**Directions for this task**
Exclude the images and transcribe the entries below precisely.

(Image-caption web data)
------------------------

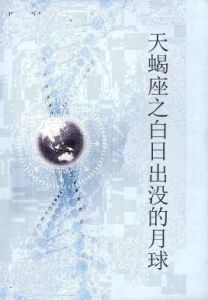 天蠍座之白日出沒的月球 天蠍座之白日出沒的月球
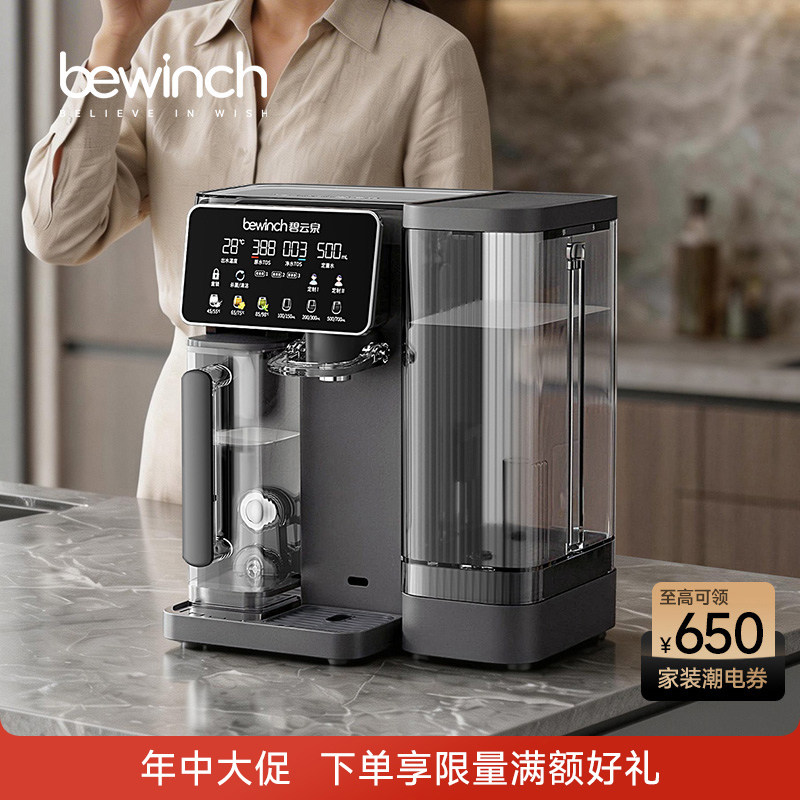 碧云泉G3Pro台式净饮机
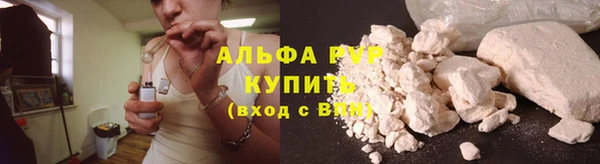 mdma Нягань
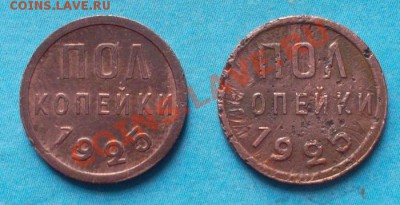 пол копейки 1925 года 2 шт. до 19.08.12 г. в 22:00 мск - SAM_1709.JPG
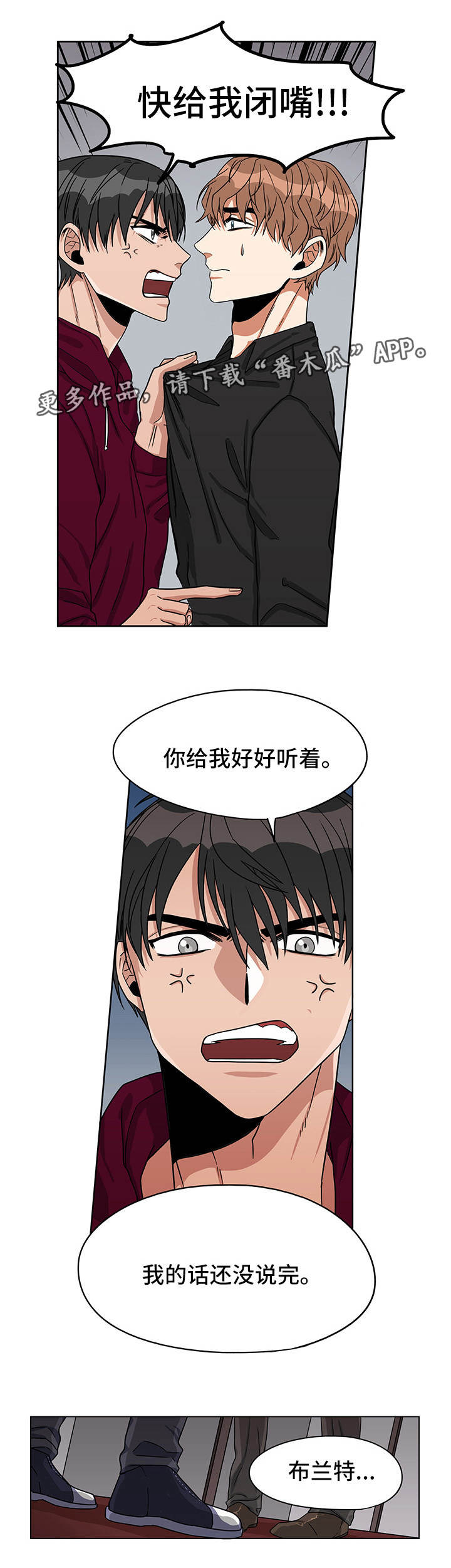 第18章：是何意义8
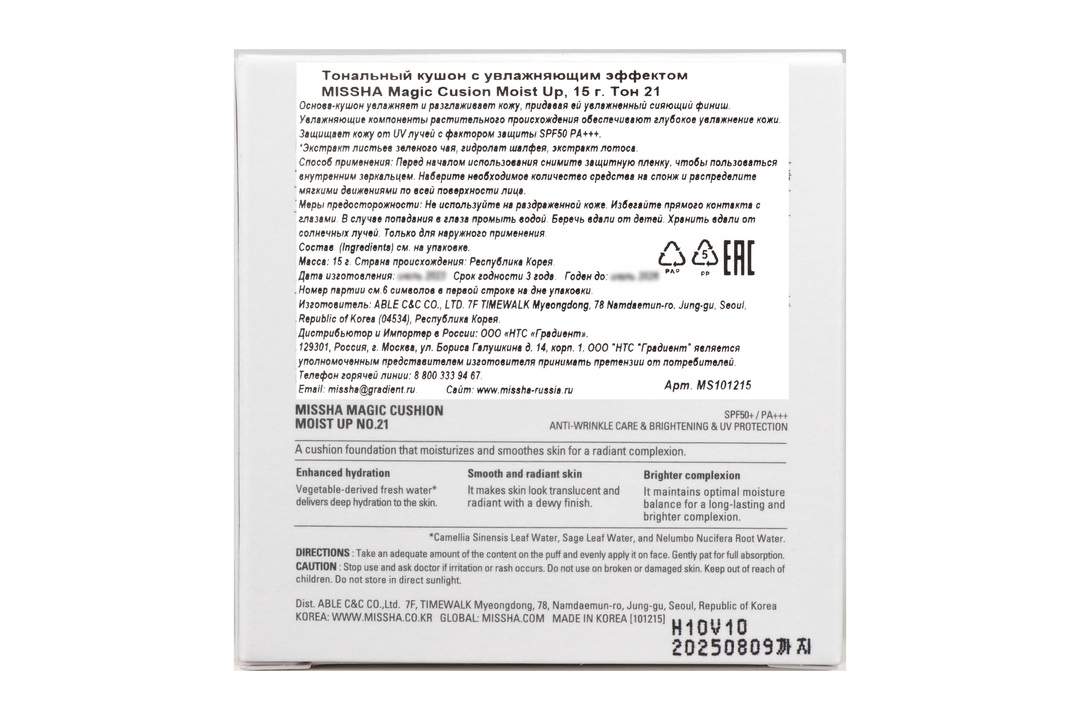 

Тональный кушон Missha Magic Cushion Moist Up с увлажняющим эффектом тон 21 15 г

------------------------

**Solution below**
 天蠍座之白日出沒的月球 天蠍座之白日出沒的月球
 碧云泉G3Pro台式净饮机
 mdma Нягань
 пол копейки 1925 года 2 шт. до 19.08.12 г. в 22:00 мск - SAM_1709.JPG
 第18章：是何意义8

Тональный кушон Missha Magic Cushion Moist Up с увлажняющим эффектом тон 21 15 г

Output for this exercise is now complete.